Well, that depends on your goals, I suppose.  If you all you want is to write your one book and sell it, Omar's suggestion might work for you.  If you want to have a career as a writer, or even just put out more than a book or three, it's the wrong approach.

The OP does not want to self-publish a book or two.  He wants to get published by a mainstream publisher.


----------



## JosephB

Ilasir Maroa said:


> Well, that depends on your goals, I suppose. If you all you want is to write your one book and sell it, Omar's suggestion might work for you.

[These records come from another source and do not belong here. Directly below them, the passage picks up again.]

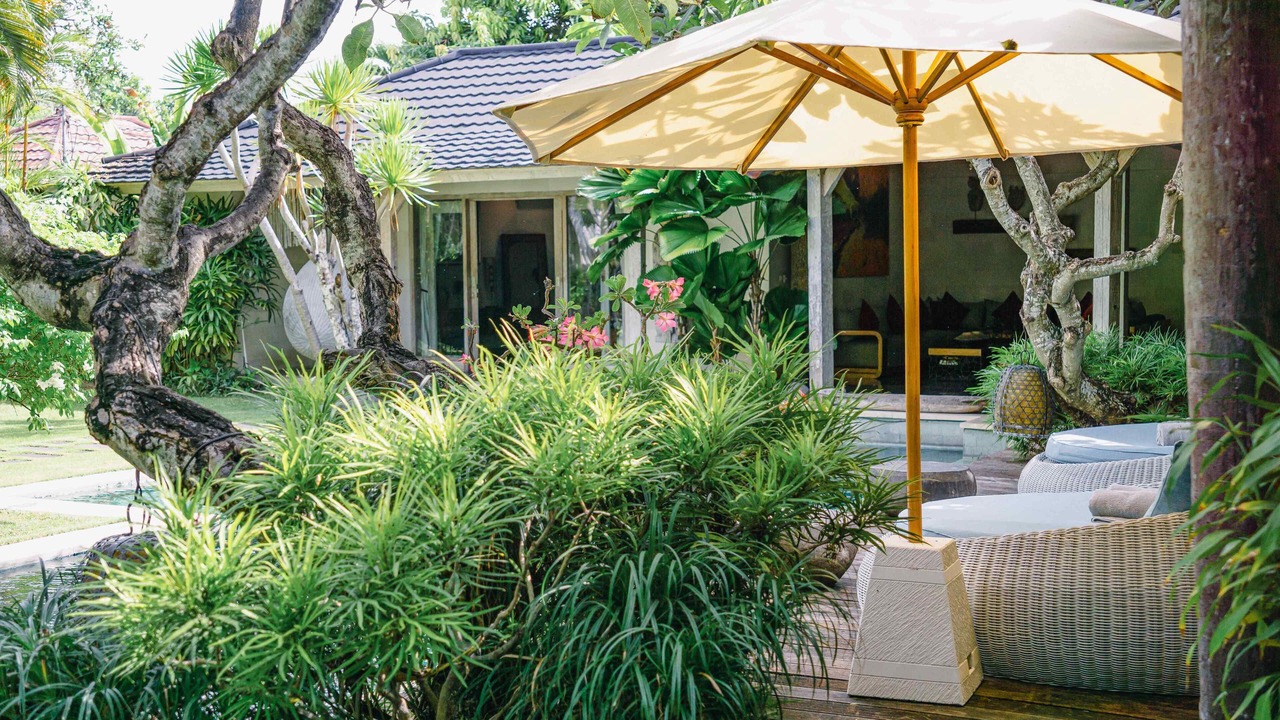 Photo of Patio Balcony in Drupadi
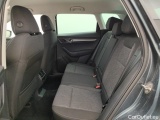 Skoda  Karoq Skoda  2.0 CRTDI 85KW DSG7 Style 5d #10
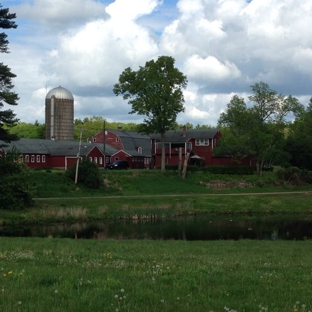 Great Brook Farm State Park - Carlisle, MA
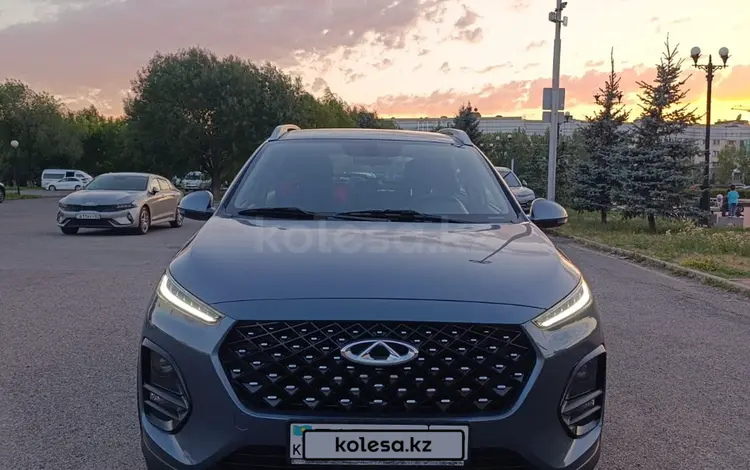 Chery Tiggo 2 2023 года за 5 100 000 тг. в Астана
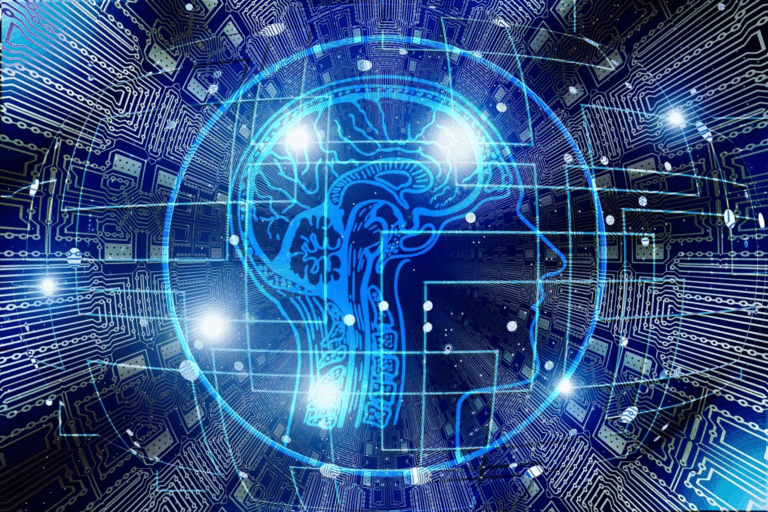 AI και τηλεπικοινωνιακά δίκτυα: Πώς η τεχνητή νοημοσύνη αλλάζει την αρχιτεκτονική της συνδεσιμότητας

Do you mean sell just one book? I could probably write any old thing and my mom would buy a copy. Goal accomplished.


----------



## strangedaze

i think he means sell a single title, not an actual book. but if he means an actual book, my mom will probably buy a copy too.


----------



## JosephB

I think you might be right. And on second thought, my mom would probably expect a free copy.


----------



## Ilasir Maroa

JosephB said:


> Do you mean sell just one book? I could probably write any old thing and my mom would buy a copy. Goal accomplished.




Smartass.  I think it's pretty clear what I meant.  If I had meant one copy, I would have said "copy".


----------



## strangedaze

i cant wait to see the responses to that. good first post


----------



## MJ Preston

Screw writing! Why don't put together a crew and knock over a bank.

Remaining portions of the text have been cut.